Can Dündar'dan ikinci 'yargılanacaksınız yazısı. Daha önce kaleme aldığı 'Erdoğan yargılanacaktır' başlıklı köşe yazısından dolayı Cumhurbaşkanı Erdoğan, Dündar'a dava açmış ve davayı kaybetmişti. Can Dündar, '25 Aralık kapatılamaz' başlıklı köşe yazısında yolsuzluk soruşturmasını kapatmaya çalışanlara 'Kaçış yok;sonunda yargılanacaksınız' mesajı gönderiyor.
İşte Can Dündar'ın dikkat çeken o yazısı:
Ne komik görüntü:
25 Aralık yolsuzluk soruşturmasını yürüten Mali Suçlarla Mücadele Şube Müdürü Yakub Saygılı’yı Emniyet takibe alıyor.
Yıllarca takip eğitimi veren Saygılı, takip ekibini hemen fark edip atlatıyor. Ardından da dalga geçmek için tweet atıyor:
“Bir takip eğiticisine bir çaylak… Alındım doğrusu…”
Sonra, panikleyen “çaylak”a yardımcı olmaya karar veriyor:
Emniyet’in haline bakar mısınız?
***
Ne hazin durum:
Genel Başkan seçildiği kongrede, “Tüyü bitmemiş yetimin hakkına uzanacak eli, kardeşimizin olsa koparırız” diyerek işe başlayan Davutoğlu’nun ilk icraatı, tüyü bitmemiş yetimin hakkına uzanan ellerdeki zinciri çözmek oluyor.

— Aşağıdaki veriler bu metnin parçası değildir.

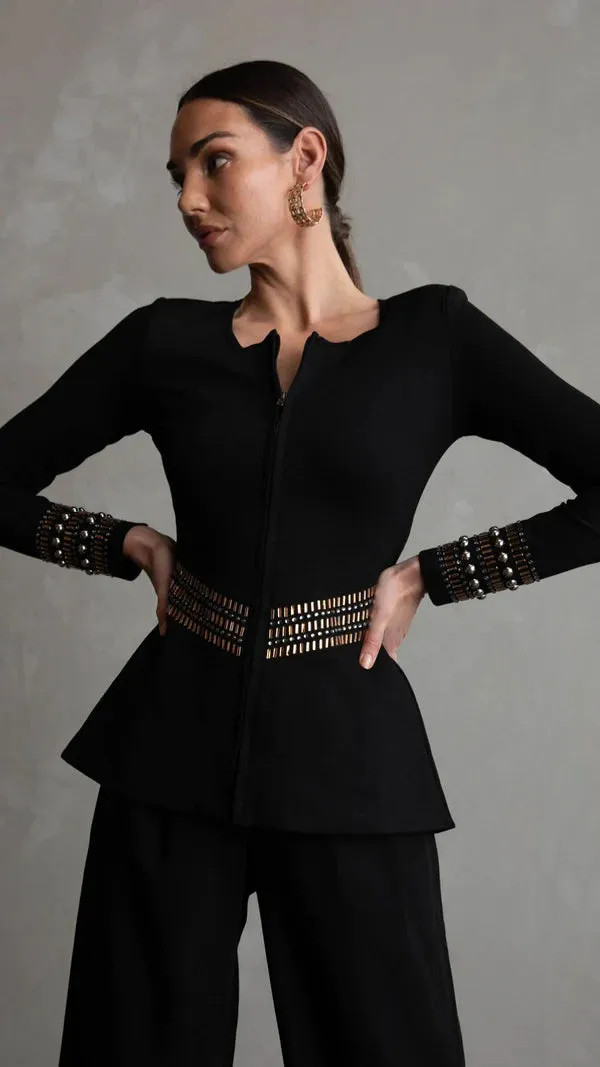 Blair Peplum Embellishment Jacket Black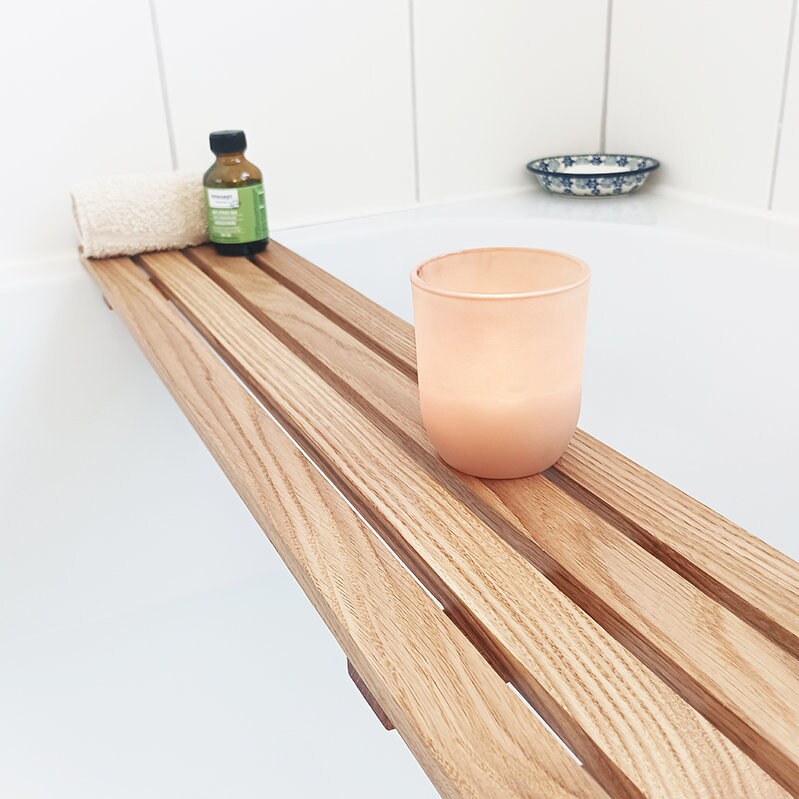 minimalistische Badewannenablage | 70 - 100 cm | Badewannenablage Eiche, massiv | Badebrett | Badewannenablage Holz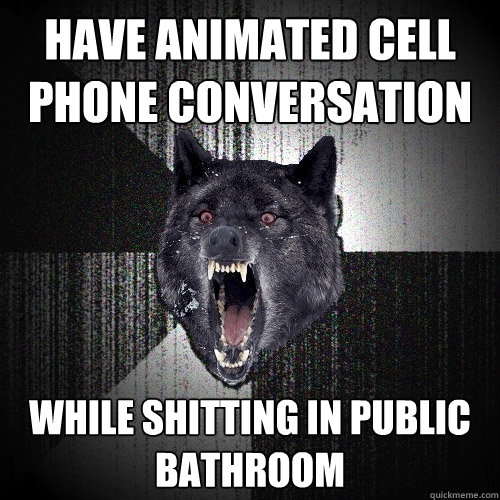 Have animated cell phone conversation while shitting in public bathroom  Insanity Wolf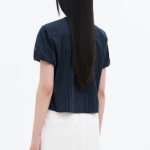 8 seconds Volume Sleeve Blouse — Navy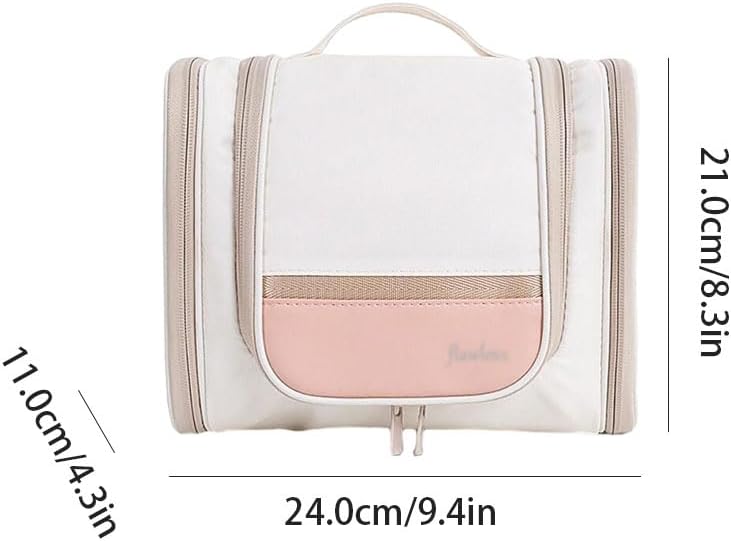 便利 シンプル ポータブル トイレタリーバッグ ポリエステル トラベル コスメティックバッグ フック付き 大容量 オーガナイザーバッ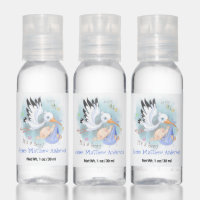 Stork with Baby Boy Baby Shower Favors Hand Sanitizer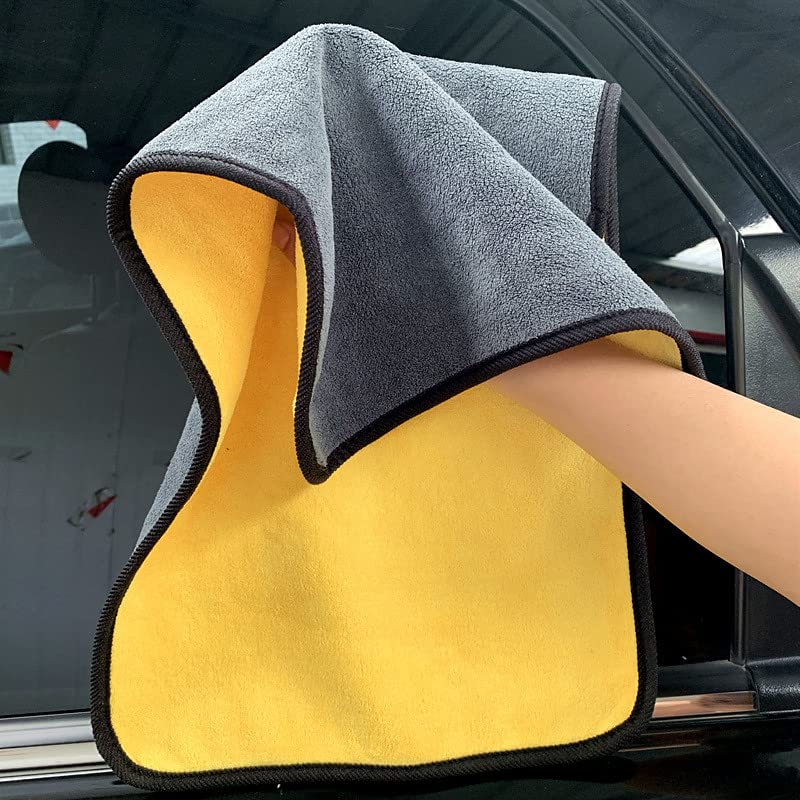 BROGBUS 900GSM Double-Sided Microfiber Hand Towel for Car, Bike, Kitchen, Mirror Glass Cleaning Microfibre Cloth for Drying, Size: 40x40 cm, Pack of 2 - Image 2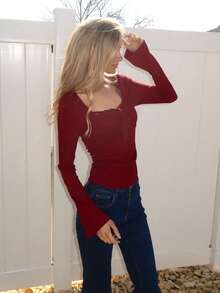 Sydney Algeri 女士万圣节、感恩节、新年、派对、通勤、日常、旅行、度假皆宜。红色紧身上衣，酒红色纹理蕾丝饰边蝴蝶结设计喇叭袖弹力T恤，春/秋/冬季款。 - 酒紅色 - 查看 4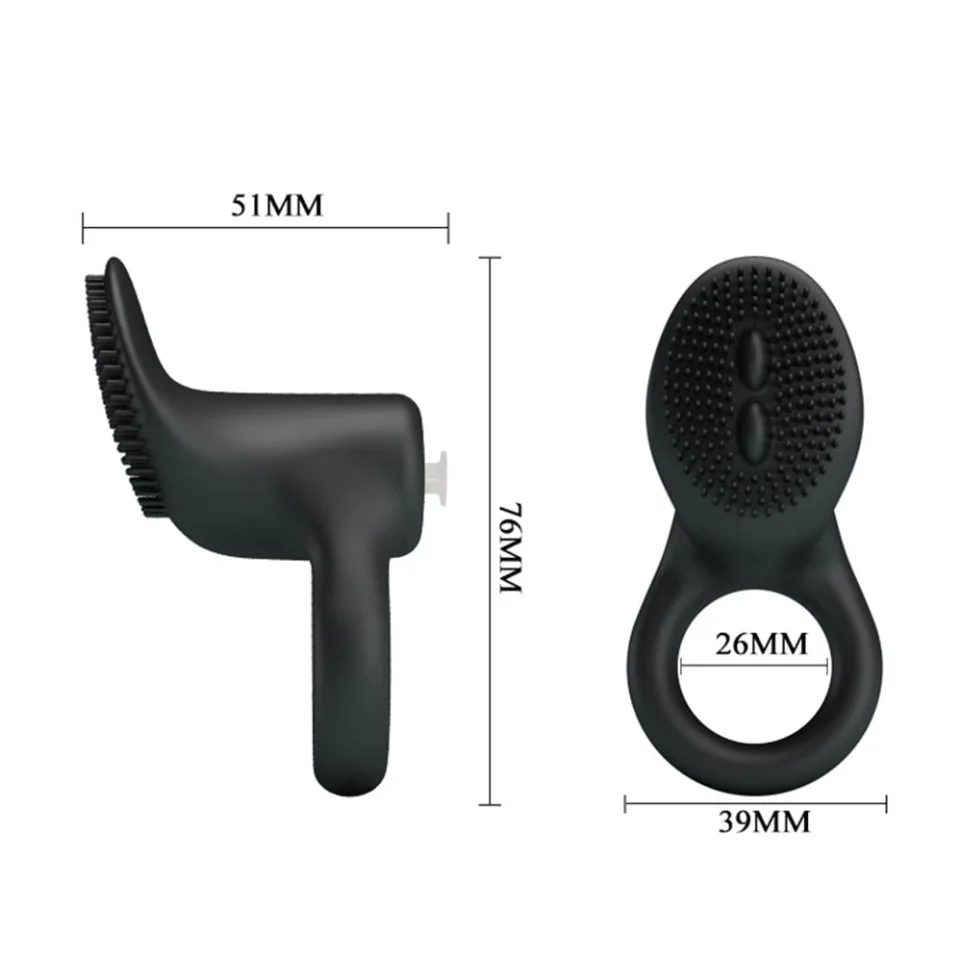 #7490 - Klitoral Uyarıcılı Güçlü Titreşimli Penis Halkası - Cobra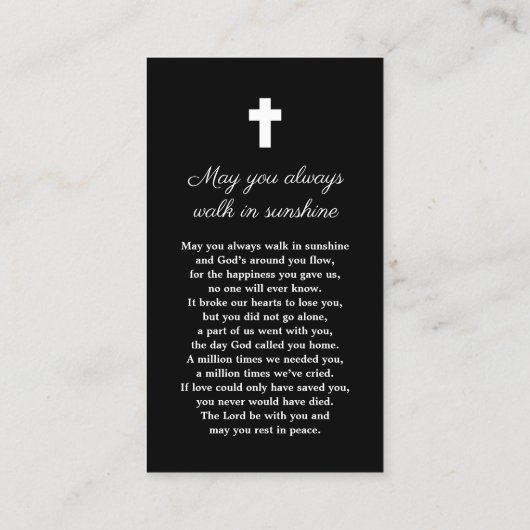 Foto Begrafenisgebed Kaart Visitekaartje (Achterkant)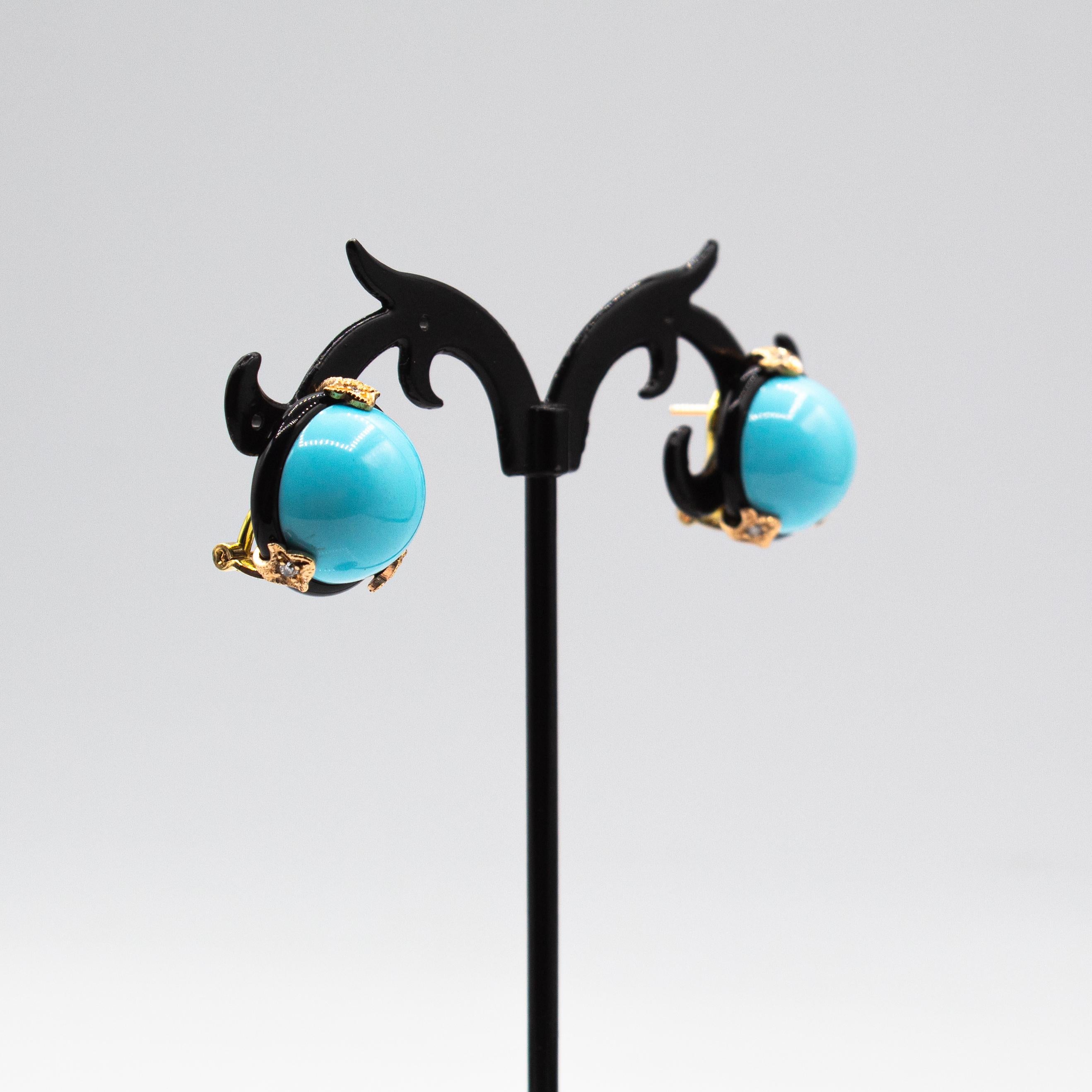 Boucles d'oreilles clips en or jaune, diamant blanc, turquoise et onyx de style Art Déco Unisexe en vente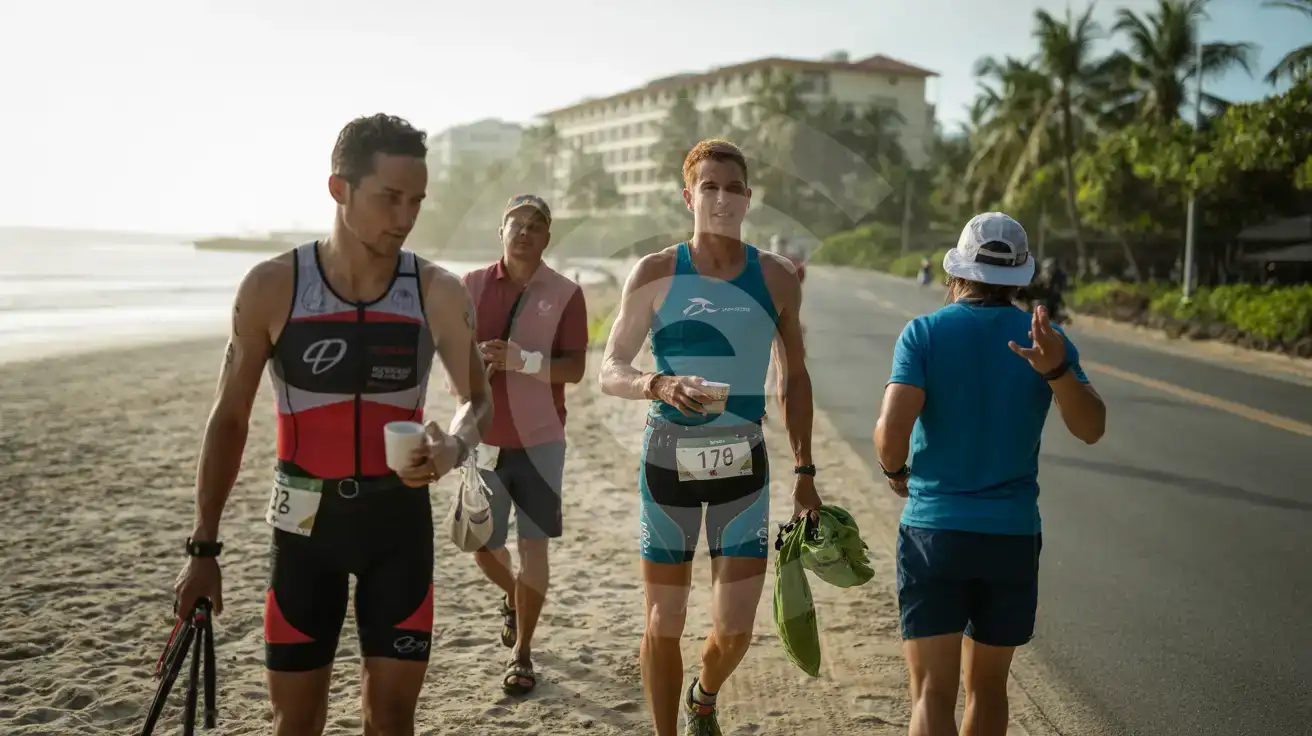 Ambiente tropical de semana de corrida em Langkawi, próximo à provável área do Ironman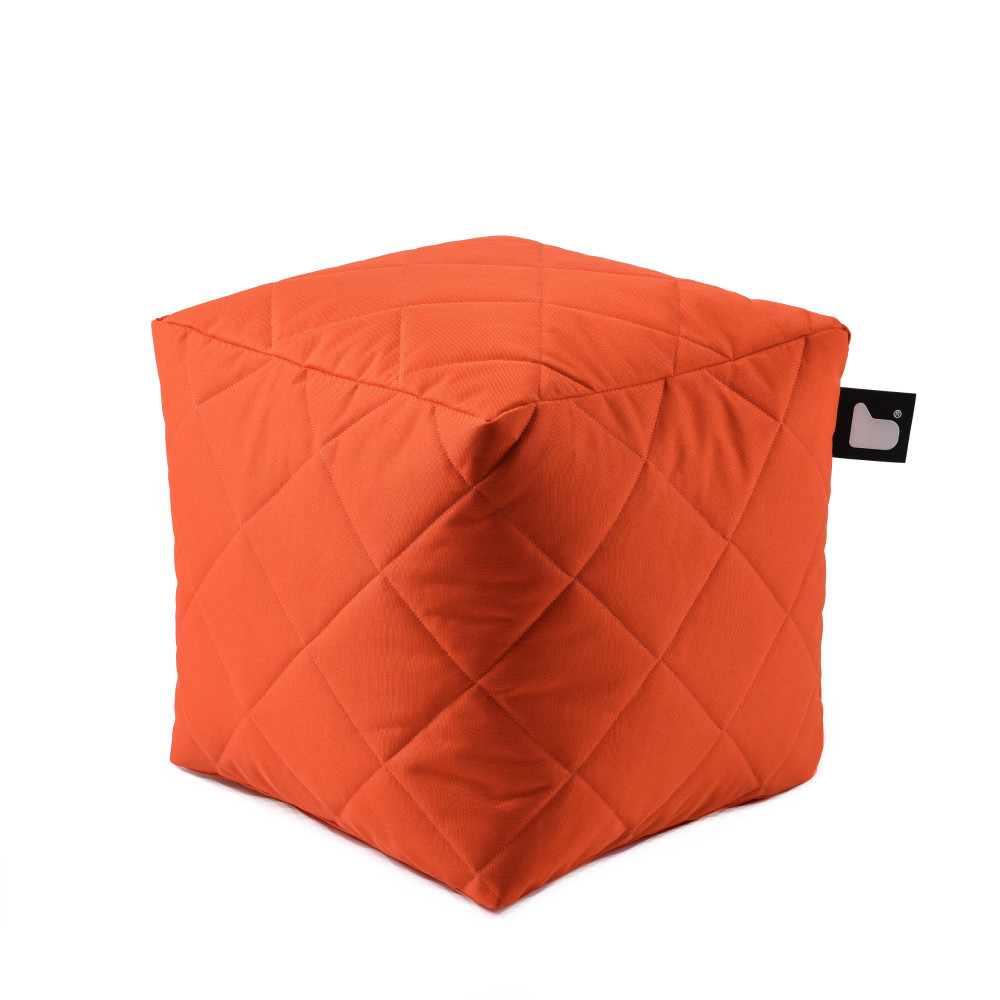 b-box extreme lounging Sitzwürfel Orange - Quilted In & Outdoor wasserabweisend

Hükümet, hırsızı salıverirken, onu yakalayan polisin elini zincirliyor.
Devletin haline bakar mısınız?
***
Ne vahim manzara:
25 Aralık fezlekesini satır satır okudum; uzun bir yazı dizisiyle sizlerle paylaştım. 900 sayfanın herhangi bir satırındaki iddia bana yöneltilse dünyayı ayağa kaldırır, suçsuzluğumu ispatlamak için “Hodri meydan, gelin soruşturun” derdim.
900 sayfada hırsızlıkla suçlananlar ne yaptı:
İddiayı belgeleyen polisleri görevden aldı.
İddiayı soruşturan savcıyı sürdü.
İddia dosyasına yayın yasağı koydu.
İddiayı yazanlara dava açtı.
Ve nihayet kendilerine takipsizlik kararı çıkarttırdı.
Şimdi de dosyayı hepten kapatmak için, yolsuzluğu soruşturan polisleri tutukluyorlar.
Peşinden delilleri, belgeleri yok edecekler.
Unutulmasını bekleyecekler.
Türkiye’nin haline bakar mısınız?
***
Ne nafile çaba:
İstediğiniz kadar yakın, silin, imha edin o ses kayıtlarını, dosyaları, fotoğrafları...
Hepsi dinlendi, okundu, görüldü, kopyalandı, kaydedildi bir kere; ebediyen yok etmeniz imkânsız...
Şehir şehir, sokak sokak, hane hane, oda oda, bilgisayar bilgisayar basıp silseniz; yine de nereye gitseniz, gelecek peşinizden; ille çıkacak karşınıza, valla sorulacak hesabı…
Kaçış yok; sonunda yargılanacaksınız.